Cominciamo dalla Lombardia. L'esito del referendum confermativo sulla riforma costituzionale del governo Berlusconi dice una cosa molto chiara: gran parte dell'Italia non vuole il federalismo. Ammettiamolo: era previsto. E se qualcuno pensa che «unaltra riforma», magari targata centrosinistra, sarebbe più gradita, si illude.
O meglio, forse sarebbe più gradita solo se il federalismo fosse tanto annacquato e distorto da finire per essere altro. Il fatto è che la maggioranza degli italiani ama lo stato centralista, assistenzialista, esattore-erogatore e inefficiente. Si sente rassicurata dallo stato-mamma, munifico e pervasivo, anche se poi vantaggi reali non ne ricavano e se ne lamentano. Perciò sia nella Lega sia in Forza Italia si comincia a pensare di accantonare (ma non abbandonare) il sogno federalista concentrandosi sulle regioni, Lombardia e Veneto ma anche Piemonte e Friuli, nelle quali è più forte la domanda di autonomia. Un ritorno a quella macroregione teorizzata dalla buonanima del professor Miglio, compianto teorico della Lega degli anni 90.
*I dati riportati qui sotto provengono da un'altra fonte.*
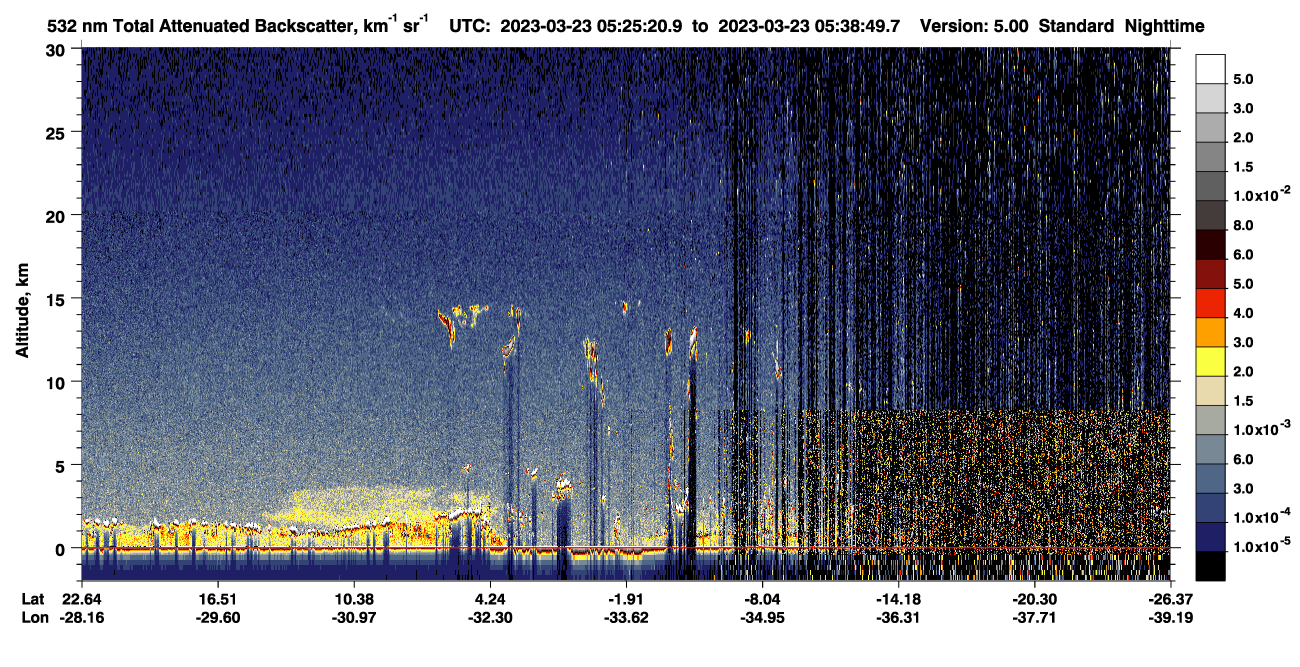 /calipso-imagery/data/BROWSE/production/V5-00/2023-03-23/2023-03-23_05-11-52_V5.00_2_1_CVDcolormap.png image missing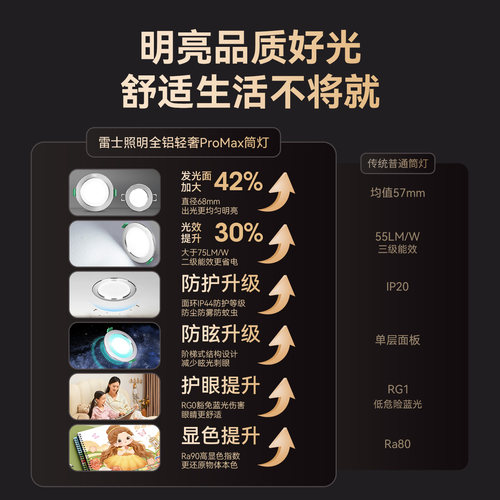 雷士照明led筒灯全铝孔灯客厅家用嵌入式洞灯吊顶天花灯过道射灯 - 图2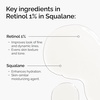 image:imageThe Ordinary Retinol 1 in Squalane HighStrength Retinol Serum for AntiAging and Skin Smoothing1 Fl Oz Pack of 1
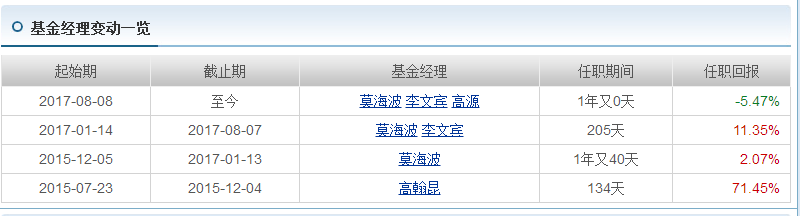 基金评价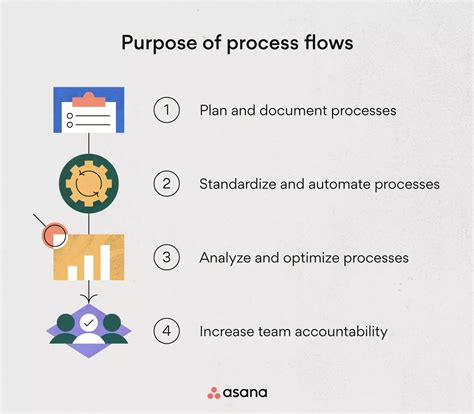 Image result for Process Flow Meaning
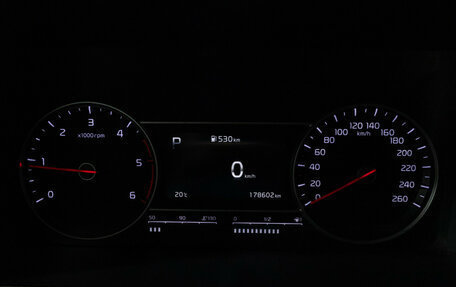 KIA Sorento IV, 2020 год, 2 855 000 рублей, 12 фотография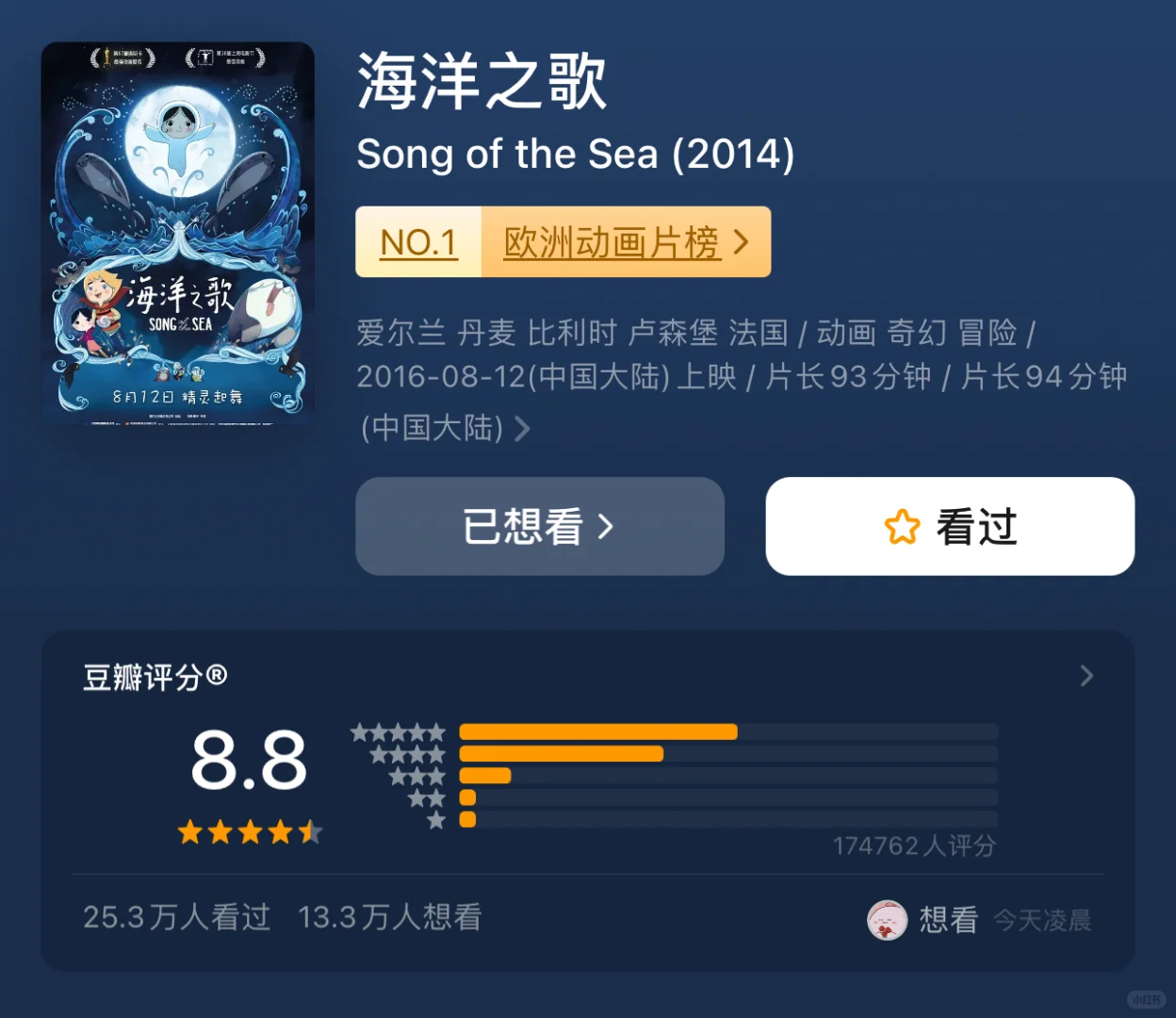 ✨宝藏合集！奇幻魔法动画电影🔮千万别错过呀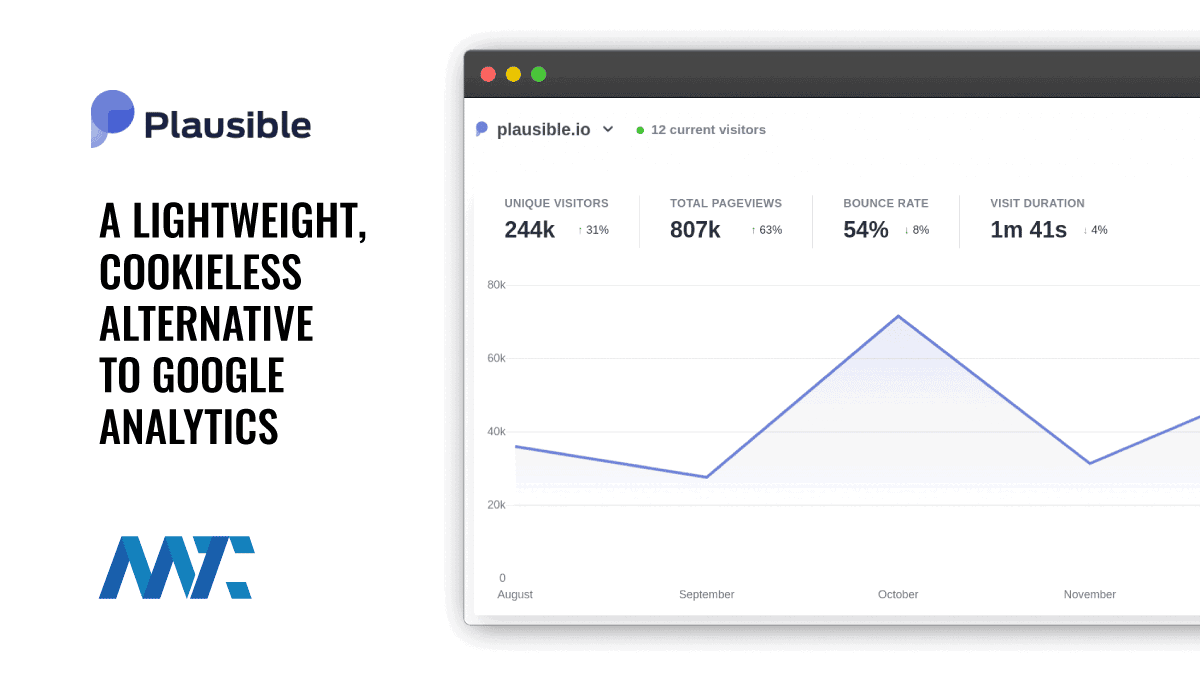 Plausible: A Lightweight, Cookieless Alternative to Google Analytics 1 Plausible Cookieless Simple Lightweight Analytics Alterrnative to Google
L'ipotesi è allettante ma sembra, ancora una volta, complessa e di non breve realizzazione. E allora - pur perseguendola e avendo sempre come traguardo finale un ordinamento autenticamente federale - cominciamo dalla Lombardia. Si cominci qui col pretendere uno statuto speciale di larga autonomia, compresa quella fiscale. Non si capisce, infatti, perché i lombardi abbiano meno diritto ad un ampio autogoverno dei siciliani, dei sardi, dei valdostani, dei friulano-giuliani, dei trentini e dei sud-tirolesi.
Le specificità che danno diritto all'autonomia non possono essere solo linguistiche o geografiche: la Lombardia ha le sue forti specificità e pretenda perciò uno statuto speciale. Che però deve essere votato solo dai lombardi, senza chiedere il consenso ad altri.